Asking the Right Question

Picking up the observation made by Glasziou et al.,6 laboratory medicine is about improving ‘the quality of the information on which decisions are based’. Asking the right question identifies the unmet clinical need or problem. The effectiveness of the test (or investigation) determines the success in solving the problem and facilitates decision making. Getting the question wrong, or not asking the question at all, invalidates all of the subsequent steps and makes it likely that using the test will be of no value. Asking the question in the right way helps in the process of finding an answer.

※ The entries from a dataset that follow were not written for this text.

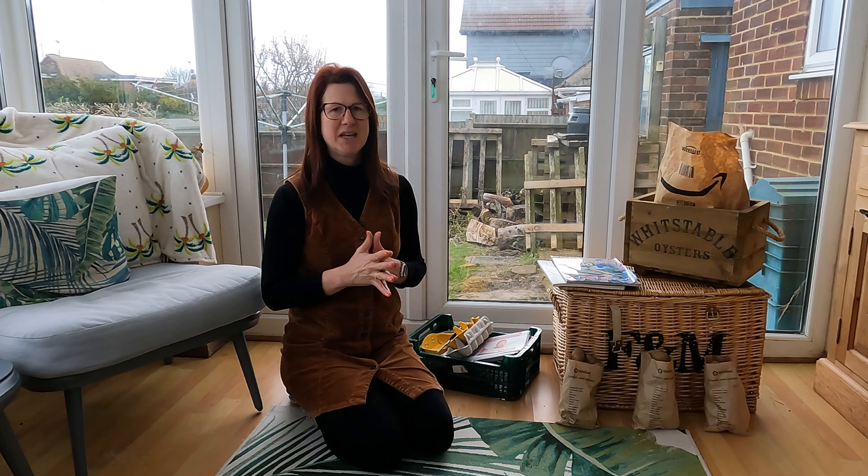I wanted to say a special thank you to someone called Deg, who made a voluntary contribution of an amount they thought was appropriate. We don't ask anyone to do that, but when people do, I'm really grateful. That's not why I do it though — I do it to help people grow their own fruit and vegetables. If you haven't already subscribed, please do; it's completely free and you'll get loads of helpful hints and tips from my home garden, allotment, and from time to time my home kitchen.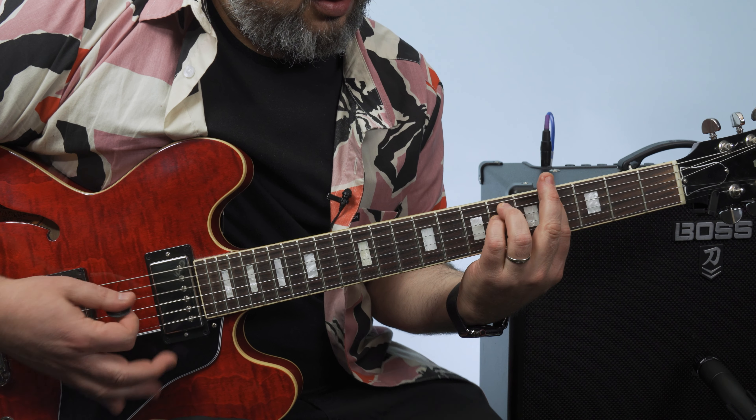Back up into the chorus. Little bridge section — A flat minor, so that's barred across the fourth fret with the E minor shape, E string root, and a whole step up to major, so that's F sharp major. It does that three times.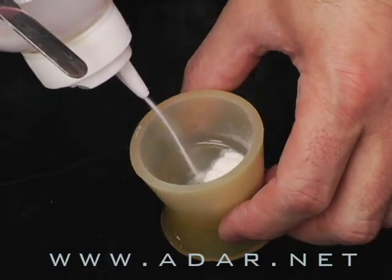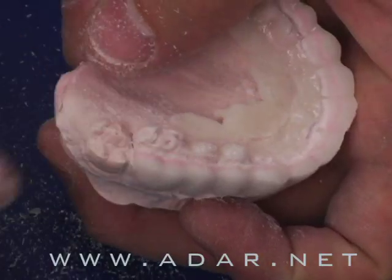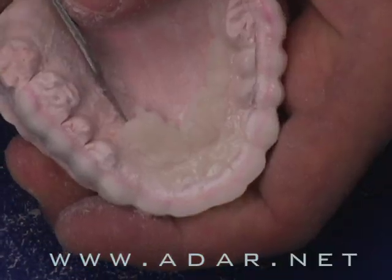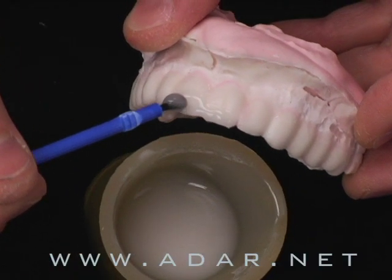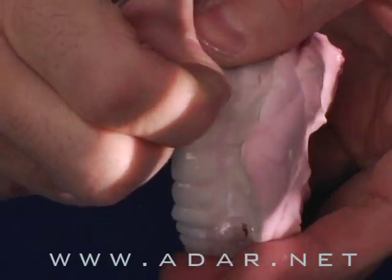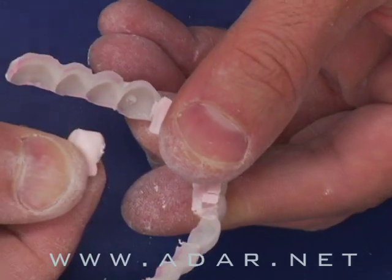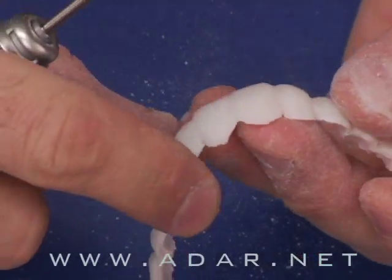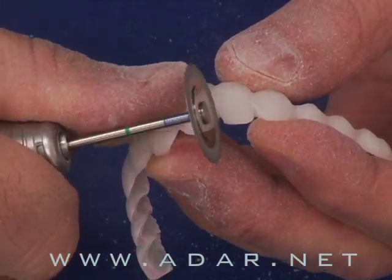We'll use cold-curing acrylic from Outline and a two-layer approach — one is dentin and one is incisal — with the sandwich technique. You can teach your assistant or your technicians how to produce this device. I will also teach you how to remove the working model from the device and shape it gently without breakage in one piece.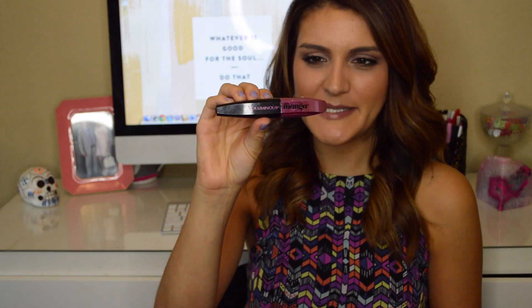The next one is the L'Oreal Voluminous Miss Manga Mascara. I didn't love this one. I heard a lot of hype about it on YouTube but what I didn't like was that the wand is kind of flexible. I'm not a fan of that — it didn't have enough control for me and I definitely would not repurchase it. I really did not enjoy it very much.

The basic framework of the question, the PICO framework, was established several years ago. This framework identifies the Patient or population, the test (or Intervention) of interest, the procedure with which the test of interest is being compared (Comparator) and the expected Outcome.5,6,13,14 There have been additional elements suggested, depending on the type of question. Firstly, the P can be further defined with the use of S for ‘spectrum’ or ‘setting’ as it is recognised that these are important determinants of disease prevalence and comorbidities (hence PSICO). An additional P for prior test (hence PPICO), an additional T for time (hence PICOT), and an additional C for change management (hence PICCO) have also been described.5 The T draws attention to the fact that timing of sample collection or duration of prognostic study periods may be important, i.e. shorter time periods may give a false impression of prognostic performance. Change management can be particularly important in outcome studies, particularly where the mode of delivery changes e.g. point-of-care testing.5

Responses may be required to questions posed in a wide variety of settings and the rationale for structuring the question in a particular way is to ensure that the problem is fully understood, so as to maximise the benefit from the response.15 Scenarios where questions are asked include:

  • pre-analytical considerations for a test e.g. time of collection

  • analytical performance of a test e.g. impact of test imprecision on outcome

  • mode of delivery of a test e.g. use of point-of-care testing

  • diagnostic performance of a screening test

  • use of a test for diagnosis e.g. rule in or rule out

  • use of a test for prognosis

  • use of a test for treatment selection i.e. personalised medicine

  • use of test for treatment optimisation and compliance

  • health economics of a test

  • test utilisation i.e. audit/performance management

  • commissioning/decommissioning of tests.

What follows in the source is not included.